Quinton swallowed hard and nodded. “Right. So we can’t unplug them. Why can’t they go to sleep?”
Stephen cycled back to the proof of life image they had been sent. “Could you sleep in that environment? Any time they would lie down, a tiger is there to swipe at their face. Besides, the game won’t allow them to rest while enemies are near.”
“We can’t put them to sleep, but we can kill them,” Jason said, still standing and looking at the picture. “The players won’t like it, but it is better than what they are going through, and it removes the bargaining chip.”
“You’d have to get in there first,” Allison spoke up. It was an obvious observation, and she really only wanted to hear how Jason would plan it.
“Not possible,” Stephen insisted.
“We’d have to take out two of the towers,” Jason said.
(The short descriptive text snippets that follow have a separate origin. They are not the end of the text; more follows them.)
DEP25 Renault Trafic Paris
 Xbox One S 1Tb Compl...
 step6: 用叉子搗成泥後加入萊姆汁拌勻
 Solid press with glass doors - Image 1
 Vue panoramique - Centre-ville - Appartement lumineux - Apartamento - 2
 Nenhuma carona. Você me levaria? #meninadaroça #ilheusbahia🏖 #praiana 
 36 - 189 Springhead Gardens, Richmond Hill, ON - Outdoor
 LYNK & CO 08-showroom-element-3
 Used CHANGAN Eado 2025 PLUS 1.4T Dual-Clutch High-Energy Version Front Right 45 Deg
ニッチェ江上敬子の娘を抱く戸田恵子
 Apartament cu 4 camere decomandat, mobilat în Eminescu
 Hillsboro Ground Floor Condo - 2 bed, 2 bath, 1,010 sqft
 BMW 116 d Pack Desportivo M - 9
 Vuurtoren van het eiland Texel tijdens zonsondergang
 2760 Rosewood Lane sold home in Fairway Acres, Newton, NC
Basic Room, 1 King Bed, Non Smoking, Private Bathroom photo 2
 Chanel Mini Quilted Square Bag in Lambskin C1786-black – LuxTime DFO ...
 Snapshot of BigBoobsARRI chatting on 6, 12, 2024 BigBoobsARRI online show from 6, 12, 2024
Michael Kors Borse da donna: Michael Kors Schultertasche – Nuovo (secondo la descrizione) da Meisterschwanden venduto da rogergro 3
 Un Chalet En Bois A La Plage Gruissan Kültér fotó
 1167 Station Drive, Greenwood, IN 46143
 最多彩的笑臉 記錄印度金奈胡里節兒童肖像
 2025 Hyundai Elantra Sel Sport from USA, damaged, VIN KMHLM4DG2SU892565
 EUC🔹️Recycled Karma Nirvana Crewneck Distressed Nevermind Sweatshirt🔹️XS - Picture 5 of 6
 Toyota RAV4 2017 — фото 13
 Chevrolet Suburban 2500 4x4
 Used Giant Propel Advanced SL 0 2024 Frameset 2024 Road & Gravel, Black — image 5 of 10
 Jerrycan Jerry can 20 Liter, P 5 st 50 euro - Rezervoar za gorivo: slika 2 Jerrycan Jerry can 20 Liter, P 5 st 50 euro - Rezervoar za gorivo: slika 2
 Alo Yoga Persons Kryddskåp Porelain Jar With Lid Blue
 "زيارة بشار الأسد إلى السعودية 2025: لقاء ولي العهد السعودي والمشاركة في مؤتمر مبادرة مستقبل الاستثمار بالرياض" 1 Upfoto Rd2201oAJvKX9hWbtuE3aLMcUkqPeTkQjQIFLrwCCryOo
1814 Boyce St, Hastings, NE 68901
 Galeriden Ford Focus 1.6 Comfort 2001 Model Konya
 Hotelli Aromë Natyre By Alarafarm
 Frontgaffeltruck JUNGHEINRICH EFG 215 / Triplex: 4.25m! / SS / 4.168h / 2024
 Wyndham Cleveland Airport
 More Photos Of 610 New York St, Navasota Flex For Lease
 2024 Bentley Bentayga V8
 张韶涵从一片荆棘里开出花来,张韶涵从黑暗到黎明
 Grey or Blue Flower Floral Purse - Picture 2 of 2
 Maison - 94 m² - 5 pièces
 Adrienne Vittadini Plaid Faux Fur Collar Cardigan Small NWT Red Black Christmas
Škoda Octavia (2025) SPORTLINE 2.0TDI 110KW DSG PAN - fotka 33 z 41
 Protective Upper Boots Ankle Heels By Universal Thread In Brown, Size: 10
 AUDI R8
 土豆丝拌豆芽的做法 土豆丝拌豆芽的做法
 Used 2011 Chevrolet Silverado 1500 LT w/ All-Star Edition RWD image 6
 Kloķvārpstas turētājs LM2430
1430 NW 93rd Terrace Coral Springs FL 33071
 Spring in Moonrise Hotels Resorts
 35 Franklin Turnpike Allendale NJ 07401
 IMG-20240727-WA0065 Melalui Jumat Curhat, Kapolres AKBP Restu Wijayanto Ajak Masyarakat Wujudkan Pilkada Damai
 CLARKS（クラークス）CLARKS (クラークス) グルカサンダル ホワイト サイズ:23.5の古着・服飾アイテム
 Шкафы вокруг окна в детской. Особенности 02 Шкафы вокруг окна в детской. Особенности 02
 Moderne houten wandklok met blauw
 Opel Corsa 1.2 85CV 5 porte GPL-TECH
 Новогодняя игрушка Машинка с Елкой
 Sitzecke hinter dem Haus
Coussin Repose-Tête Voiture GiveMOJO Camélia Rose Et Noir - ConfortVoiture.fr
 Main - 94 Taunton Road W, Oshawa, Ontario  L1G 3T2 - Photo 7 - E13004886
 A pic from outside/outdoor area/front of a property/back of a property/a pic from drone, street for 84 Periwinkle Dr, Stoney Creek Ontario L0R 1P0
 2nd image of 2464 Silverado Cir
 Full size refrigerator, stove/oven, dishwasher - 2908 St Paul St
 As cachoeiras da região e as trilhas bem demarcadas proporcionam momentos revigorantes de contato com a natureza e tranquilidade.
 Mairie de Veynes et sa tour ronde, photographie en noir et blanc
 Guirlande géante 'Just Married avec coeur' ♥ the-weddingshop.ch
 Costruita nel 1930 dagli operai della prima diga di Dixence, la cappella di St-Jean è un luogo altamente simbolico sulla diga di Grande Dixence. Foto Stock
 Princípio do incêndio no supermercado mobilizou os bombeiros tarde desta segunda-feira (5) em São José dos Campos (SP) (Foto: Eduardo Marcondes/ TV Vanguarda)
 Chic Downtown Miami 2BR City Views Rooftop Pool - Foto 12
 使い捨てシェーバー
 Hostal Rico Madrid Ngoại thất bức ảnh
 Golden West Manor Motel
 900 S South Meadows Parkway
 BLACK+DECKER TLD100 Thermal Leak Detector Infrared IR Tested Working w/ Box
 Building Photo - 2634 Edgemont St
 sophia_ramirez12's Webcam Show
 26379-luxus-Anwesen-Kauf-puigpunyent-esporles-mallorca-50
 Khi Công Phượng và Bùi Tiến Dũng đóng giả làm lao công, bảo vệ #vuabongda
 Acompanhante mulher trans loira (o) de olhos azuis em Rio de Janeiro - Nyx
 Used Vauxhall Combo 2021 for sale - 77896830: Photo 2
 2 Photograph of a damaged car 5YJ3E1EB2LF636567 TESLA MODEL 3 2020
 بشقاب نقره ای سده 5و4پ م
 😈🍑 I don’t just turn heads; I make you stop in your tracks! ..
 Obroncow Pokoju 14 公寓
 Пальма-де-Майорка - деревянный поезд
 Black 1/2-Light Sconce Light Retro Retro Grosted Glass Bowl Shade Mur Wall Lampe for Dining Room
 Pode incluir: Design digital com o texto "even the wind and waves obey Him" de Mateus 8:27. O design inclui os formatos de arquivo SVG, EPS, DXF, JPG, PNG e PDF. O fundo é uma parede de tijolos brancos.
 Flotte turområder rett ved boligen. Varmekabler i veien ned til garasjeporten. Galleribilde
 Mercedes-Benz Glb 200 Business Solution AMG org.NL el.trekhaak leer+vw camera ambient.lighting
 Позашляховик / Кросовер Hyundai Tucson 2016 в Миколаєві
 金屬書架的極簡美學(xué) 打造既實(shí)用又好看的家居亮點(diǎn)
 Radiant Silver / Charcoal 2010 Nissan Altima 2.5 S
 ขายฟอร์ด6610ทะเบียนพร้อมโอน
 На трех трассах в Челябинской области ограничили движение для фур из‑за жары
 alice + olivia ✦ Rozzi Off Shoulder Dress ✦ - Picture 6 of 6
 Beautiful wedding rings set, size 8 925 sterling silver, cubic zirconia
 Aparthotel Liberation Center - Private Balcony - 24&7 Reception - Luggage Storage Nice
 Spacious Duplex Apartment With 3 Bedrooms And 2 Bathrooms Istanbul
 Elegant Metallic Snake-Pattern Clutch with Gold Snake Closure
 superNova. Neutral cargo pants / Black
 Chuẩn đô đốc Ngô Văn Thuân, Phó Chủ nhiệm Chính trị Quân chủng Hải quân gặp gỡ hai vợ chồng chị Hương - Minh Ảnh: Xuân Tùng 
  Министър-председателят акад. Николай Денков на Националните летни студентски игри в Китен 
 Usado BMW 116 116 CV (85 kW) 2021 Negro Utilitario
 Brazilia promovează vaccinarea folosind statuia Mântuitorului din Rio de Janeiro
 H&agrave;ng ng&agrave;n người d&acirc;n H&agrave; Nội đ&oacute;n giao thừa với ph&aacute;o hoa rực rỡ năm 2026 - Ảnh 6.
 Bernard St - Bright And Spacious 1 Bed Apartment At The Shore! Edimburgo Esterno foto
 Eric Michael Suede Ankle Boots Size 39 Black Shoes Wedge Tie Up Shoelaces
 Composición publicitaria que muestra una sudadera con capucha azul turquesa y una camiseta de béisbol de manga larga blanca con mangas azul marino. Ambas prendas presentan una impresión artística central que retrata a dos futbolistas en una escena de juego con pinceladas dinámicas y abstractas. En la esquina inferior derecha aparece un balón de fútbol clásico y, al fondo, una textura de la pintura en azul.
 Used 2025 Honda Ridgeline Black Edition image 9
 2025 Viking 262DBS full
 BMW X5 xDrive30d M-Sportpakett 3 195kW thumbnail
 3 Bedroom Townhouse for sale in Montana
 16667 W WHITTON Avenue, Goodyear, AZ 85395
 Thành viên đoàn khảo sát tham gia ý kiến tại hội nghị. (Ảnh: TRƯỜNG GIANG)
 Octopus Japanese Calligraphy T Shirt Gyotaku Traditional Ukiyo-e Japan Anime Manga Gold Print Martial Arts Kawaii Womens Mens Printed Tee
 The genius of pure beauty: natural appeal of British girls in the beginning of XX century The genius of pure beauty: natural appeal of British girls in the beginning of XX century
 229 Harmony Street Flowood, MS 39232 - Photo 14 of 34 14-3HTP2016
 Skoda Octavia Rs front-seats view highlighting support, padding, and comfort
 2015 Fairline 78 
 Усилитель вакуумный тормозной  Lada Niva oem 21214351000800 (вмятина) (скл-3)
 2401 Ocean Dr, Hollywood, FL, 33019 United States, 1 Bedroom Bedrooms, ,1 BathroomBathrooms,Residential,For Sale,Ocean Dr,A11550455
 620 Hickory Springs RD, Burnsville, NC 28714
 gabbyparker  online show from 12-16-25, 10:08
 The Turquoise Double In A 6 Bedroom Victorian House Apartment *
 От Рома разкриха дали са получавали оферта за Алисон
“How?” Stephen asked. “In order to have a sightline on a tower from below, you need to back away from the cliff, and you are at least 800 feet away. You need 800 mana just to get a spell that far, and you still need to spend enough to do damage to the shamans. They all have damage sink totems, so to kill one, you need to do at least 550 damage to get them in a death spiral with enough spell difficulty that they won’t save. It can’t be done.”
“Even with my level 50 crystal?”
Gracie put a hand on his arm, signaling to Stephen that Jason was her responsibility and to take it easy on the new recruit. He still didn’t know everything. “You would need a wand to project the mana,” she said. “In its current form, you need the enemy to touch it or set it somewhere and have it explode. To project energy out, you need to craft it into a wand. It would need to be at least level 40 to do the damage you need, and nothing like that exists in the game.”
“Even if it did,” Stephen said, “none of the damage spells you would use would work. Fire and acid would take too long to travel up to the targets. They would be bright red or green lights in the air, flying at the tower, and the Shaman would have enough time to take cover or cast defensive spells. Only lighting would travel fast enough to catch them by surprise, but since they are storm shamans, they have lightning immunity.”
“An arrow?” Jason asked. ”I’ve seen YouTube videos of people hitting a target from over 1,000 feet.”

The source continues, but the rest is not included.